How often does your father’s name open doors for you?
I have to thank God for that. Almost 60 years in ministry, God has helped him to build a good name and the name is not tarnished. I know for sure that there are some doors that will not open if not for him and for the name God has helped him to build. I say that in an humble manner, giving all the glory to God that this is what has happened and that is why I guard than name jealously. I always make sure that I’m not in a place where people would say, ‘Ah, are you not the son of so, so, so?’ I instill that in my children too.
Many pastors struggle with different temptations, women, money and so on? What has been your biggest challenge?

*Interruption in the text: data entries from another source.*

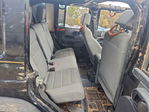 Jeep Wrangler 2007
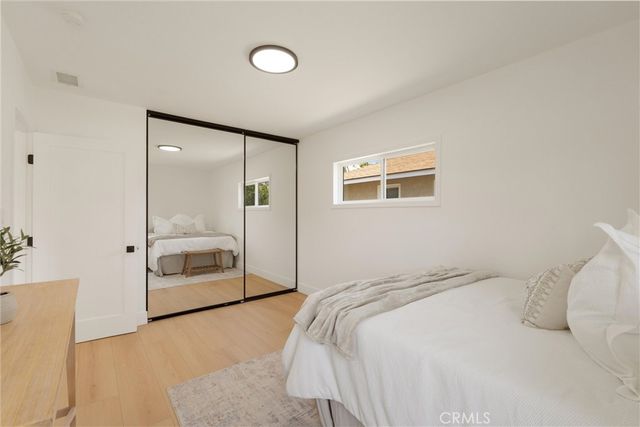 3683 San Anseline, Long Beach, CA 90808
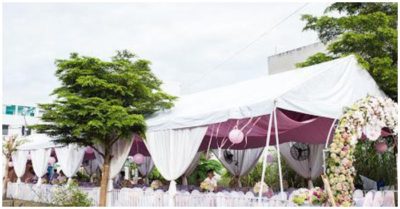 Truy tố 41 người đóng giả cô dâu, chú rể thực hiện 101 vụ lừa đảo, chiếm đoạt hơn 1,6 tỷ đồng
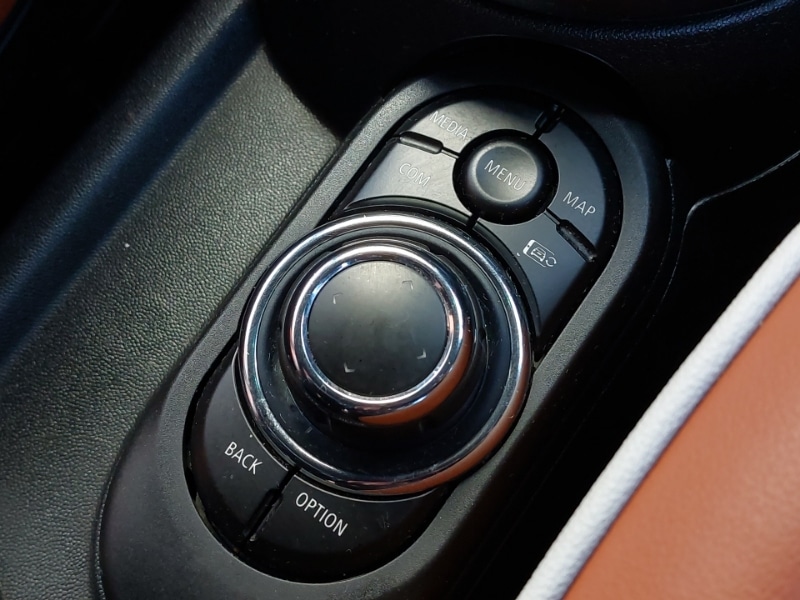 Used MINI Hatch 2022 for sale - 76785681: Photo 16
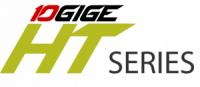 Section 16000 inc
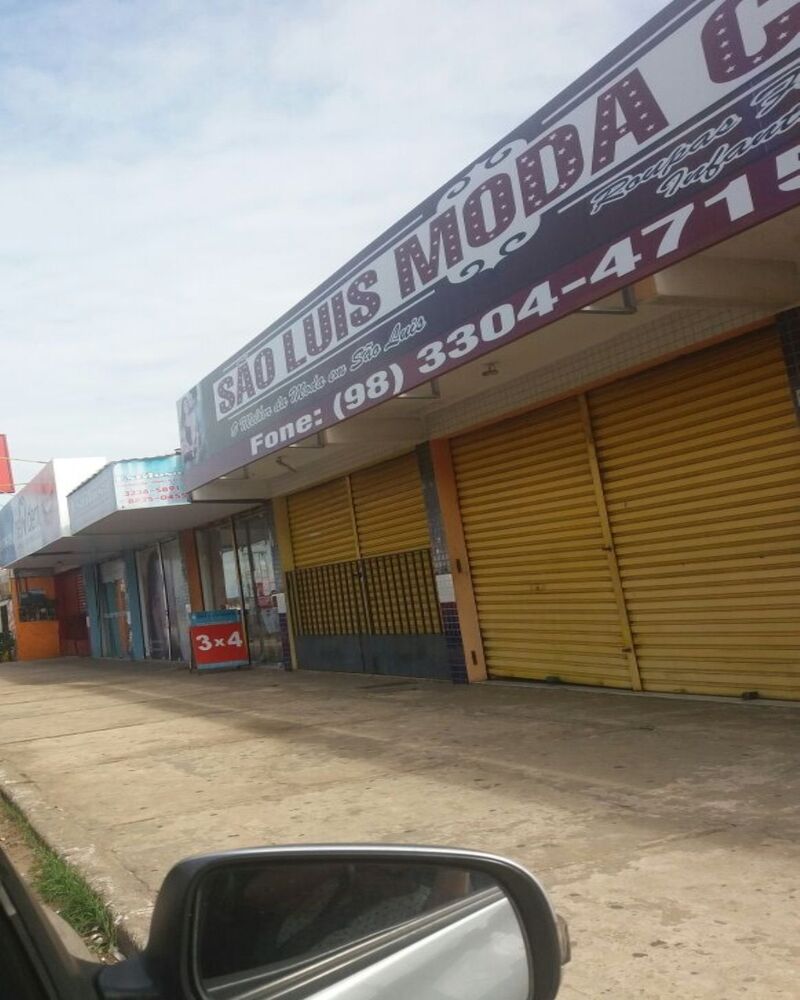 Imóvel Comercial - Foto 4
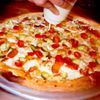 Lucky Slice Pizza gift card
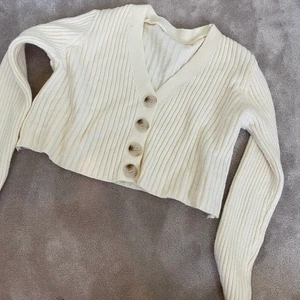 Kofta - Aldrig använd 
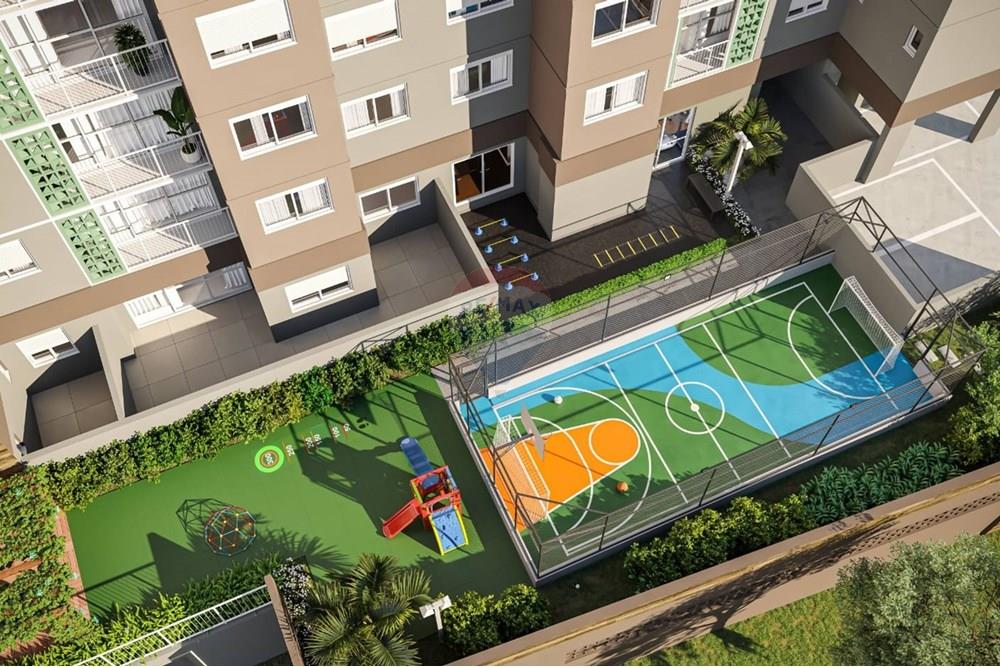 Apartamento - Venda - Piracicaba , São Paulo - WhatsApp Image 2025-12-16 at 10.52.56 (1).jpeg - 690781195-4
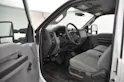 Ford F-Pickup F-250 6.7L Super Duty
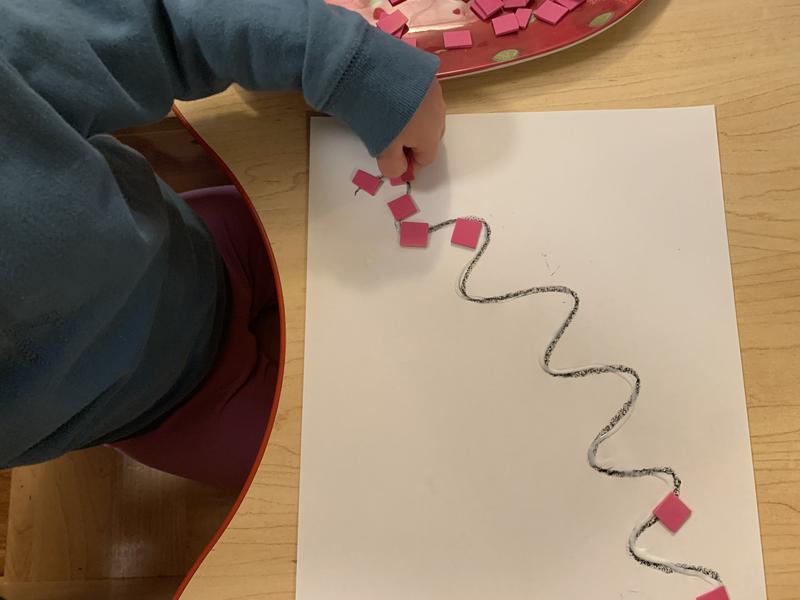 Photo of Skeyci Children Programs Daycare - Castro Valley, CA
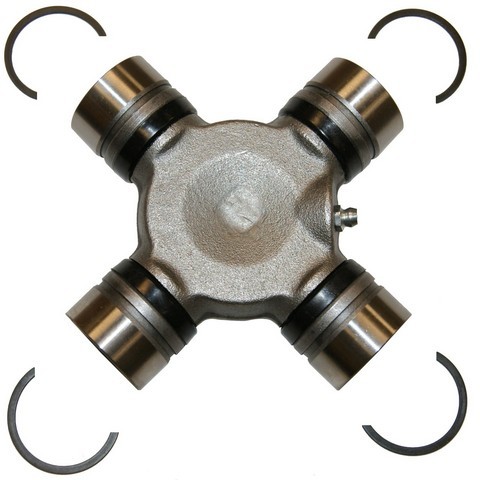 GMB Universal Joint P/N:230-0424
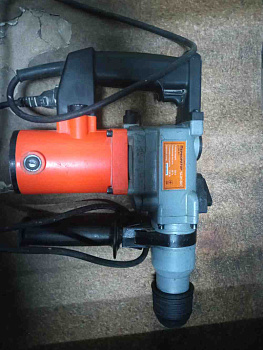 Tex-AC TA-01-301
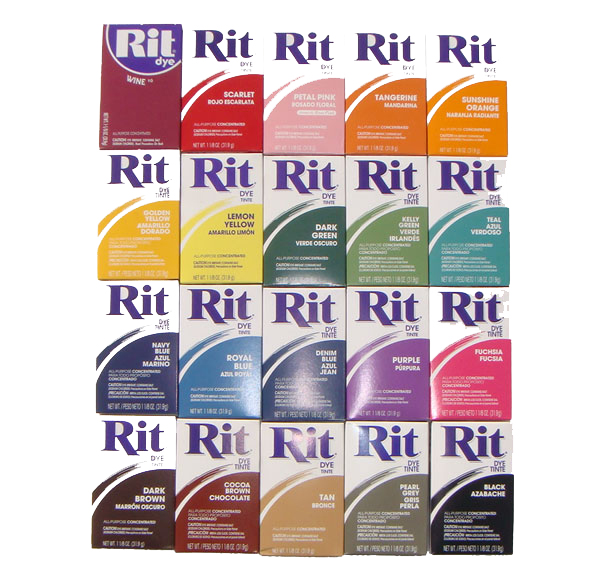 rit_dyeB.jpg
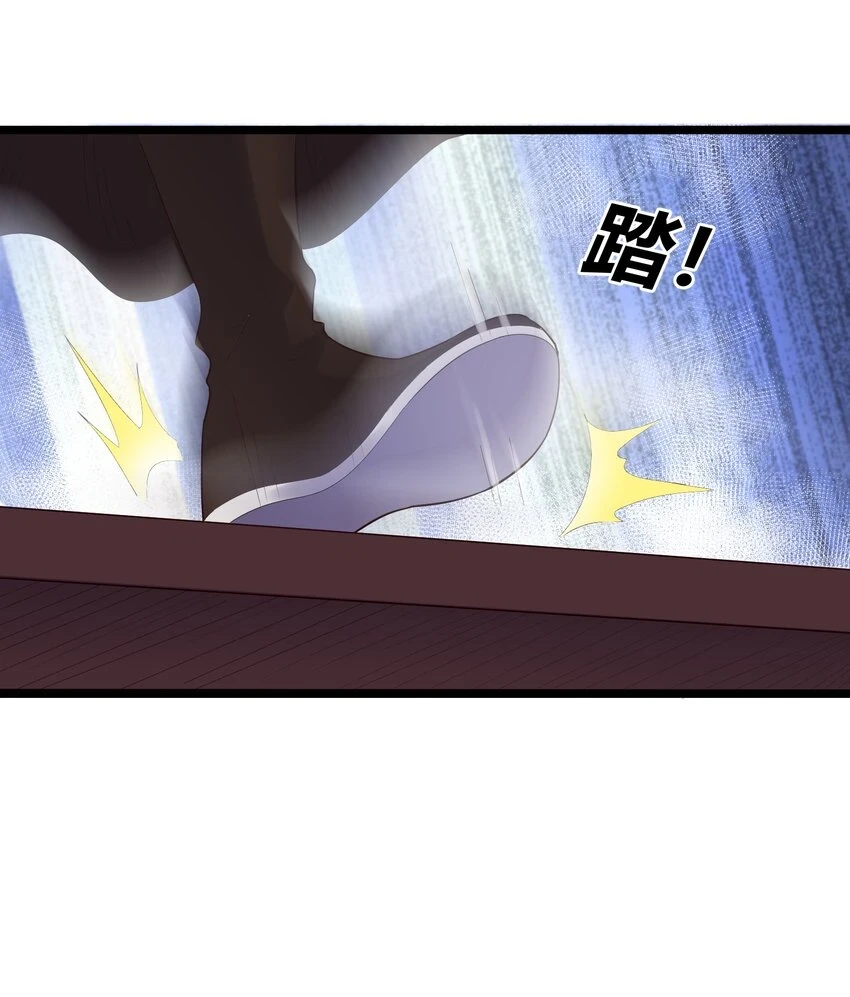 171 黄无槐26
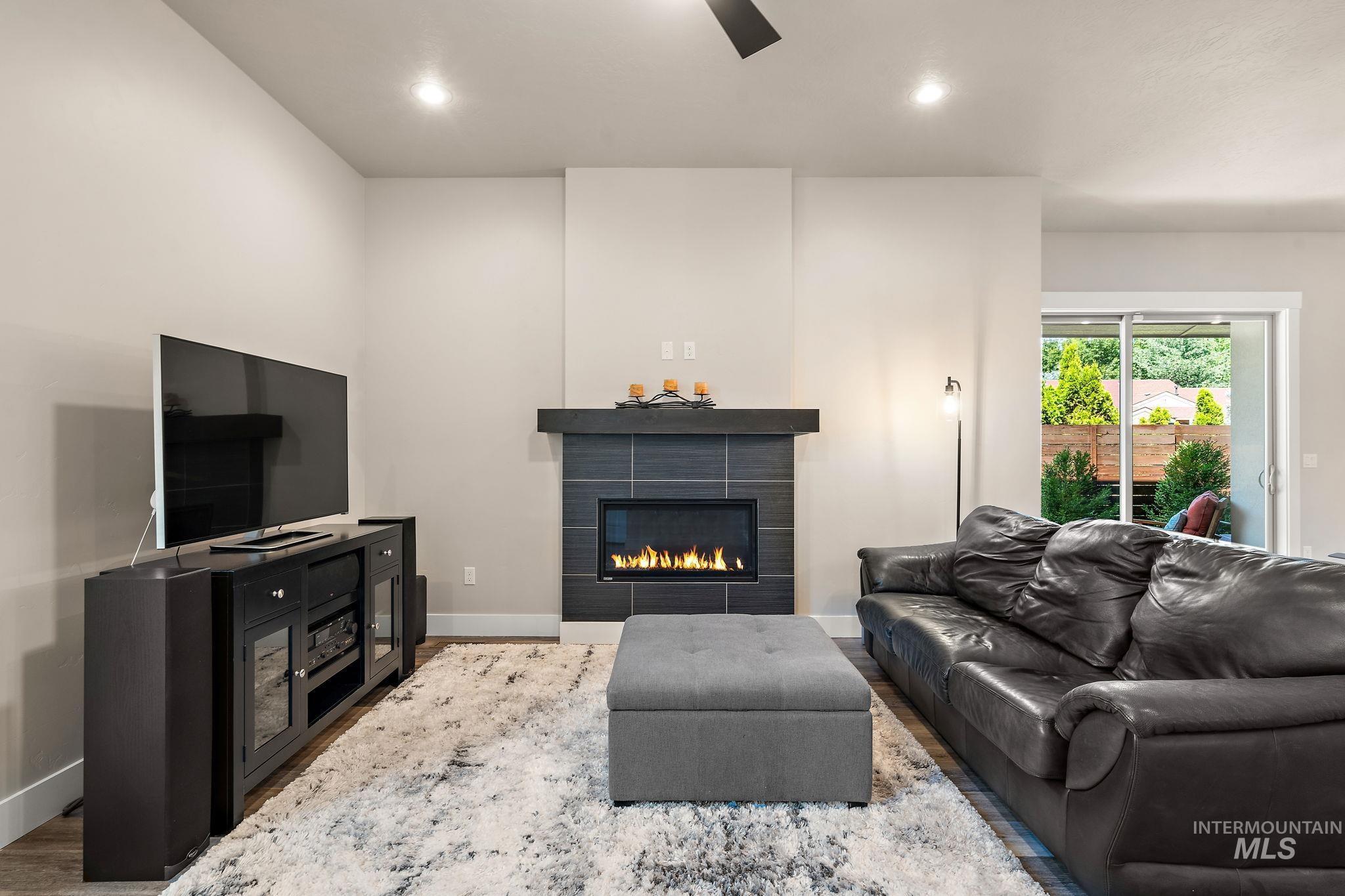 Property Photo: 62 S Stephenson St ID 83616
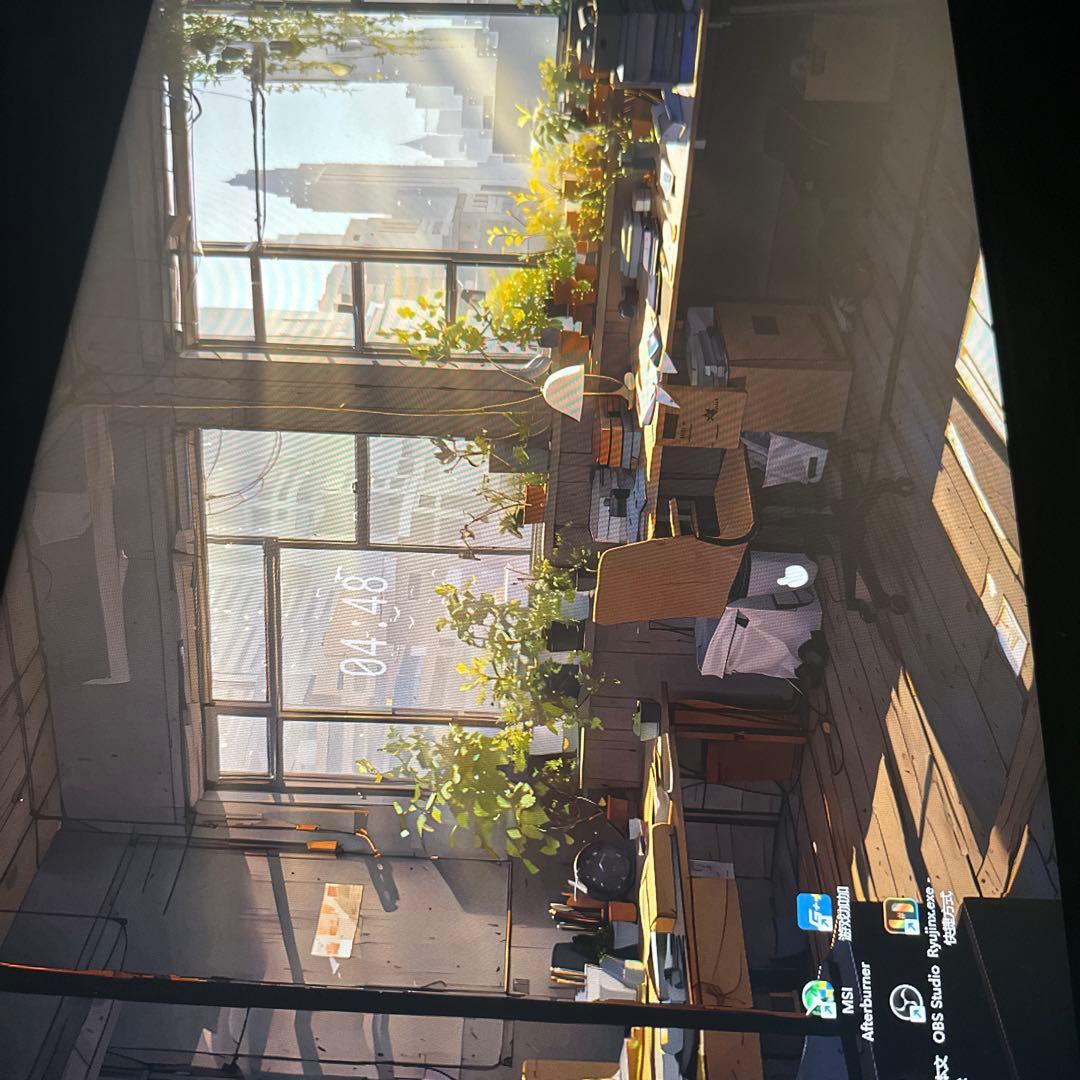 ディスプレイ・モニター本体 ASUS VG249QM1A Amazon.co.jp: 【Amazon.co.jp限定】ASUS ゲーミングモニター TUF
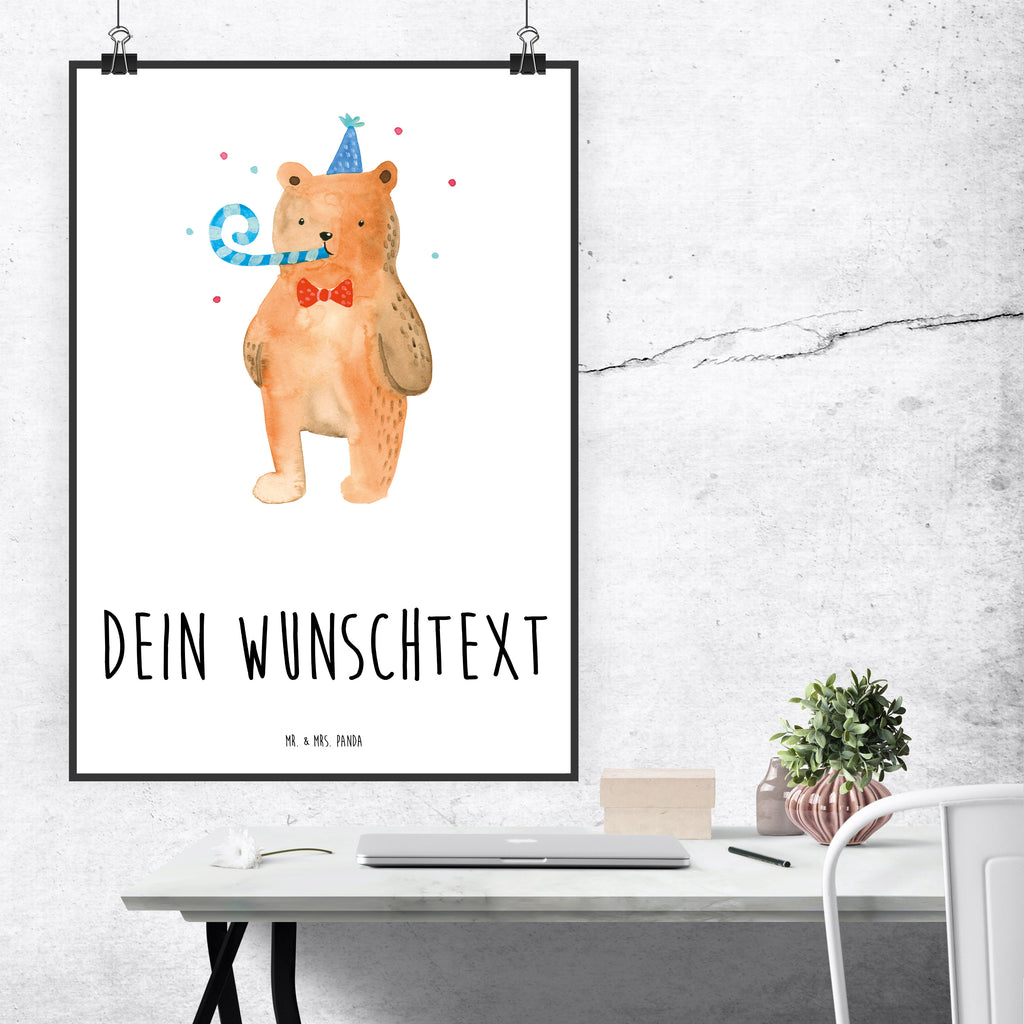 Personalisiertes Poster Birthday Bär Personalisiertes Poster, Personalisiertes Wandposter, Personalisiertes Bild, Personalisierte Wanddeko, Personalisiertes Küchenposter, Personalisiertes Kinderposter, Personalisierte Wanddeko Bild, Personalisierte Raumdekoration, Personalisierte Wanddekoration, Personalisiertes Handgemaltes Poster, Personalisiertes Designposter, Personalisierter Kunstdruck, Personalisierter Posterdruck, Poster mit Namen, Wandposter mit Namen, Bild mit Namen, Wanddeko mit Namen, Küchenposter mit Namen, Kinderposter mit Namen, Wanddeko Bild mit Namen, Raumdekoration mit Namen, Wanddekoration mit Namen, Kunstdruck mit Namen, Posterdruck mit Namen, Wunschtext Poster, Poster selbst gestalten., Bär, Teddy, Teddybär, Happy Birthday, Alles Gute, Glückwunsch, Geburtstag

Thank God that the grace of God has covered me with that because of the examples of Baba that I see. He and my mummy were married for 50 years before she passed on. When we were growing up, he would tell us, ‘I don’t have a girlfriend anywhere. I don’t have any child anywhere. Everyone of you, one man one wife.’ Number two, he was always instilling it in us to be content with whatever we had. So whatever God gives to me, I gladly accept it without coveting. If there are pastors doing well where they are I celebrate the grace of God upon their lives. In our church in Dallas, I always tell them I’m a pastor that will not use gimmick to get money from anybody. The way I see my father, he is not a greedy minister. Baba could have been riding a jet, but he would rather give his money and serve the poor.
Do you sometimes feel that life could be better if you were doing a secular job?
No. It has never crossed my mind like that, because I believe that there are things God is bringing my way now that would not have happened in a secular world.
It is an open secret that the church is polarised. You belong to the new generation of CAC. What are you doing to bring the church back under one roof?
It is an unfortunate thing that happened several years ago. But the current generation of leaders is working seriously on it to bring the church together. We the new generation or the next generation, we must be one. When Jesus Christ was praying for his disciples, He said so that they may be one. It is quite unfortunate that it is the Christendom that we have a lot of factions. We have created identities: Cele, Redeemed, Winner. God said you are one in Christ.
I know that as far as the CAC is concerned there has been a challenge; there is no doubt about it. They are working on that.
Before we started this interview session, you placed a call to your wife, sounding like someone deeply in love. How did you meet her?
Yes I’m in love. I met her in the early 90s. I was living in a different state from where my wife was. My wife was living in Maryland. Baba had a church in Maryland and when Baba would come, my wife was the one that would interpret for him. She had been a wonderful interpreter from a very small age in her father’s church herein Ojodu, CAC, Ojodu, Lagos. She was a Sunday school teacher and also an interpreter. When she came to the US, Baba would speak and she would be the one to interpret. I don’t know what happened, one day, Baba just asked me, ‘Can you relocate and help one church there?’ I was the music director. I play instruments. I got there and I started to notice that whenever I was with her, everybody would just leave us alone.
The first day we met, it was in church that we met, because she was living with her pastor then. We started to talk and one thing led to the other. We got married in 1999.